Re: [PATCH 1/2] Revert "x86/mce/AMD: Collect error info even if valid bits are not set"

From: Borislav Petkov
Date: Thu Aug 23 2018 - 08:24:20 EST


Reviving an old issue while cleaning my inbox.

On Tue, Mar 27, 2018 at 03:59:37PM +0000, Ghannam, Yazen wrote:
> > > On Mon, Mar 26, 2018 at 07:58:51PM +0000, Ghannam, Yazen wrote:
> > > > So at a minimum, we should always save and report as much as we can.
> > >
> > > Only on Zen or all AMD families?
> > >
> >
> > I'll confirm with the HW folks. I understand it as a change in philosophy
> > rather than a change in hardware.
> >
>
> So this recommendation could apply to all families, but it's okay if we just

Ok, so I think we should do this, still, as it is exactly what the
recommendation says: read the MSRs even if the valid bits are not set and it
doesn't set any Valid bits to confuse error handling downstream.

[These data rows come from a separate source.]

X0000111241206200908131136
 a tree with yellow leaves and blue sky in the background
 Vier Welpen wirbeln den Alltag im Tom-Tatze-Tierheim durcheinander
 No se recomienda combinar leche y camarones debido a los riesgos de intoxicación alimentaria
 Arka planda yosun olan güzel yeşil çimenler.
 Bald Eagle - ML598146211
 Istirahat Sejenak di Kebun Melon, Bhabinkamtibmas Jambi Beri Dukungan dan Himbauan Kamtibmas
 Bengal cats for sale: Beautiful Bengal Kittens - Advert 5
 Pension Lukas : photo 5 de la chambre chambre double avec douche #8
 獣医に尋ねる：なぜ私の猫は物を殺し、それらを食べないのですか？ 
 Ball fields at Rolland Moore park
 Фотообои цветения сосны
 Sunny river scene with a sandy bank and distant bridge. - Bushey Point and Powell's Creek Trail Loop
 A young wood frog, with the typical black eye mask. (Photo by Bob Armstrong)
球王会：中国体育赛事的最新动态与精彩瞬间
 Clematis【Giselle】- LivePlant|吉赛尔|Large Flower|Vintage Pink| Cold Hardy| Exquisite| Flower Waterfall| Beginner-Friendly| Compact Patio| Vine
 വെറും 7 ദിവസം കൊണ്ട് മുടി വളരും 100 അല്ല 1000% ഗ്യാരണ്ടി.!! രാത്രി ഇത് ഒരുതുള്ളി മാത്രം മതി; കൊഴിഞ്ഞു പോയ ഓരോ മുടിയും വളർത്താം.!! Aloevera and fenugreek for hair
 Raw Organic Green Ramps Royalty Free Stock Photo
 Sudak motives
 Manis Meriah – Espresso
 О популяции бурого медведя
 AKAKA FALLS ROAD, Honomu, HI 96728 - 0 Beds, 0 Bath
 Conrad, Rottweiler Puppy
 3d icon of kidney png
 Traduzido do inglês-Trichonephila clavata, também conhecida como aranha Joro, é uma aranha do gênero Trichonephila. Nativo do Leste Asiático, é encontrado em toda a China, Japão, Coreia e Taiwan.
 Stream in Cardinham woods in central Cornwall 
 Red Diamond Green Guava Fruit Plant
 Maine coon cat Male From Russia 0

This way we'll collect all possible info and then mce_amd.c should stop looking
at the valid bits too and dump whatever has been logged.

Ok?

---
diff --git a/arch/x86/kernel/cpu/mcheck/mce.c b/arch/x86/kernel/cpu/mcheck/mce.c
index 4b767284b7f5..c14674025615 100644
--- a/arch/x86/kernel/cpu/mcheck/mce.c
+++ b/arch/x86/kernel/cpu/mcheck/mce.c
@@ -639,10 +639,12 @@ static struct notifier_block mce_default_nb = {
*/
static void mce_read_aux(struct mce *m, int i)
{
- if (m->status & MCI_STATUS_MISCV)
+ bool is_amd = m->cpuvendor == X86_VENDOR_AMD;
+
+ if (m->status & MCI_STATUS_MISCV || is_amd)
m->misc = mce_rdmsrl(msr_ops.misc(i));

- if (m->status & MCI_STATUS_ADDRV) {
+ if (m->status & MCI_STATUS_ADDRV || is_amd) {
m->addr = mce_rdmsrl(msr_ops.addr(i));

/*
@@ -668,7 +670,7 @@ static void mce_read_aux(struct mce *m, int i)
if (mce_flags.smca) {
m->ipid = mce_rdmsrl(MSR_AMD64_SMCA_MCx_IPID(i));

- if (m->status & MCI_STATUS_SYNDV)
+ if (m->status & MCI_STATUS_SYNDV || is_amd)
m->synd = mce_rdmsrl(MSR_AMD64_SMCA_MCx_SYND(i));
}
}

--
Regards/Gruss,
Boris.

ECO tip #101: Trim your mails when you reply.
--